All of the data below is to be returned unaltered.

Dataset entries:
------------------------------------------------------------------------
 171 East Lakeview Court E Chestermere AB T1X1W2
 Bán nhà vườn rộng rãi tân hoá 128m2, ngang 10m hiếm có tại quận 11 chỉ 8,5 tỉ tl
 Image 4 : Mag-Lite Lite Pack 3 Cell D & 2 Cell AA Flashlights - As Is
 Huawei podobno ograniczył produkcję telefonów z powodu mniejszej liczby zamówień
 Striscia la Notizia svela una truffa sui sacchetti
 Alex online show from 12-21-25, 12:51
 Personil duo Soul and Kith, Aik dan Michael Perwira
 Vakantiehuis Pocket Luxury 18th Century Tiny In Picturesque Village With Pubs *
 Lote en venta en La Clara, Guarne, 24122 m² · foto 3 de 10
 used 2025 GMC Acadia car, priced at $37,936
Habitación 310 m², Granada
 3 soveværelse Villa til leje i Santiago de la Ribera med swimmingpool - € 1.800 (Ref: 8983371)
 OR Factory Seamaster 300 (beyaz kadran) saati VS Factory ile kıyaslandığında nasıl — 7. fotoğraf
------------------------------------------------------------------------
**Answer below:**
 171 East Lakeview Court E Chestermere AB T1X1W2
 Bán nhà vườn rộng rãi tân hoá 128m2, ngang 10m hiếm có tại quận 11 chỉ 8,5 tỉ tl
 Image 4 : Mag-Lite Lite Pack 3 Cell D & 2 Cell AA Flashlights - As Is
 Huawei podobno ograniczył produkcję telefonów z powodu mniejszej liczby zamówień
 Striscia la Notizia svela una truffa sui sacchetti
 Alex online show from 12-21-25, 12:51
 Personil duo Soul and Kith, Aik dan Michael Perwira
 Vakantiehuis Pocket Luxury 18th Century Tiny In Picturesque Village With Pubs *
 Lote en venta en La Clara, Guarne, 24122 m² · foto 3 de 10
 used 2025 GMC Acadia car, priced at $37,936
Habitación 310 m², Granada
 3 soveværelse Villa til leje i Santiago de la Ribera med swimmingpool - € 1.800 (Ref: 8983371)
 OR Factory Seamaster 300 (beyaz kadran) saati VS Factory ile kıyaslandığında nasıl — 7. fotoğraf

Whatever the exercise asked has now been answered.